**MATERIAL PROVIDED:**
________

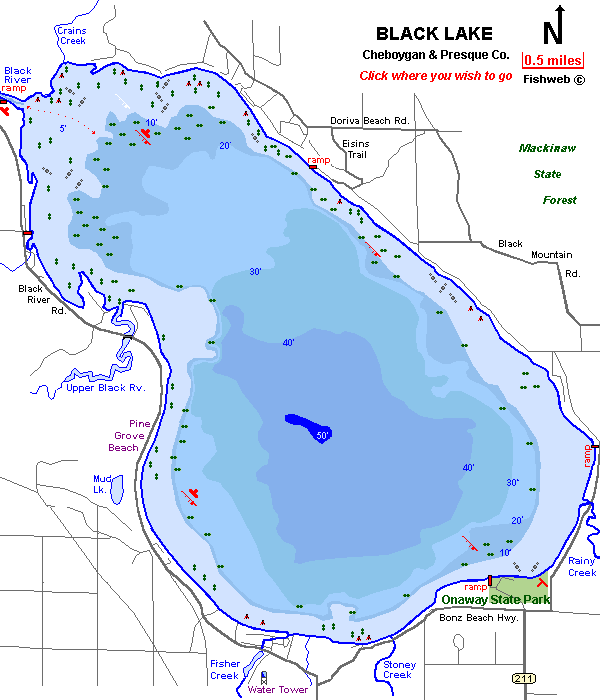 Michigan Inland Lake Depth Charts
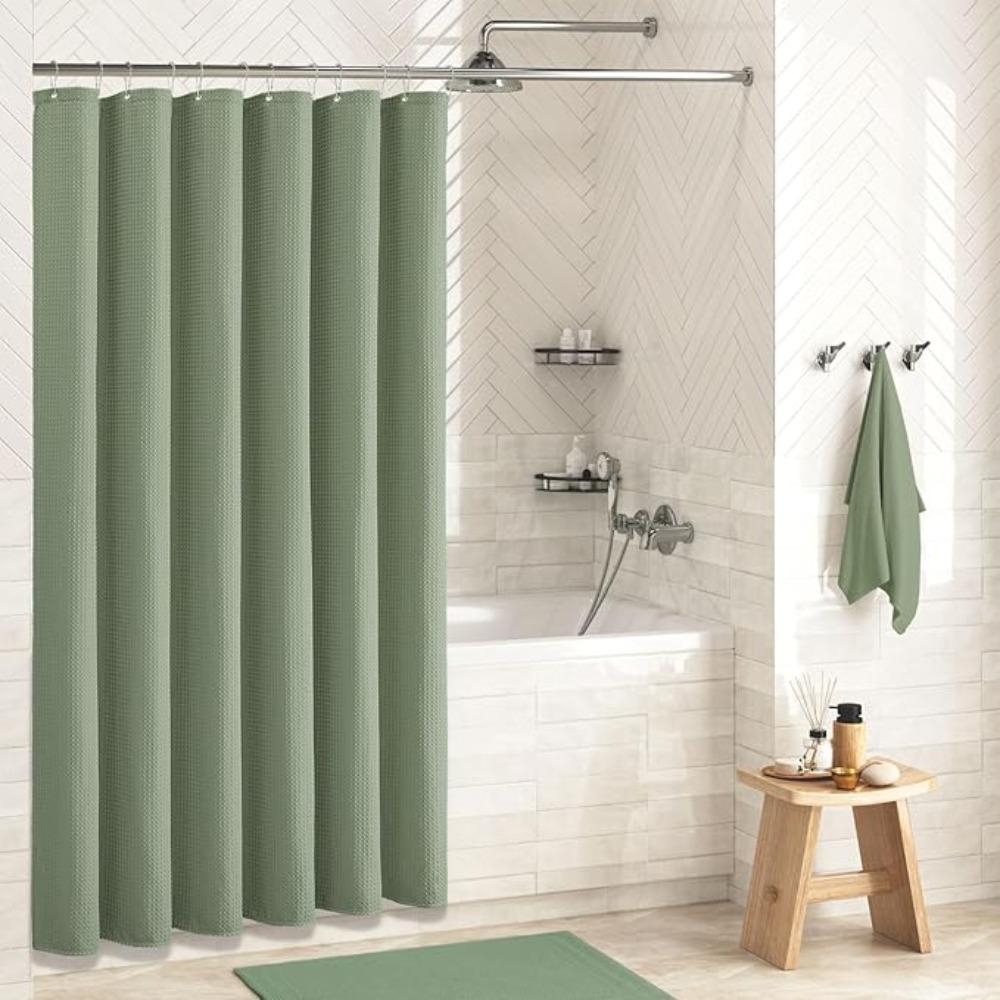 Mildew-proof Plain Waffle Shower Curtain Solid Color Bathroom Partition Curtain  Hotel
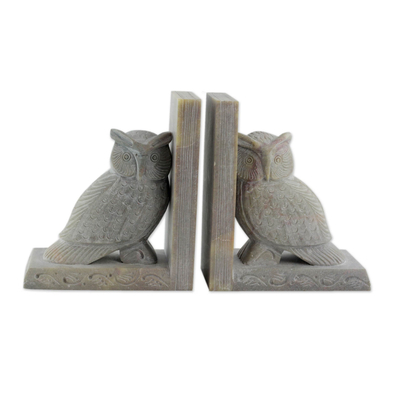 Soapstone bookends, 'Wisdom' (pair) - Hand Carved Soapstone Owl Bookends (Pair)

________

Pictures aside, retype the material exactly.

**WRITTEN ANSWER:**
 Michigan Inland Lake Depth Charts
 Mildew-proof Plain Waffle Shower Curtain Solid Color Bathroom Partition Curtain  Hotel
 Soapstone bookends, 'Wisdom' (pair) - Hand Carved Soapstone Owl Bookends (Pair)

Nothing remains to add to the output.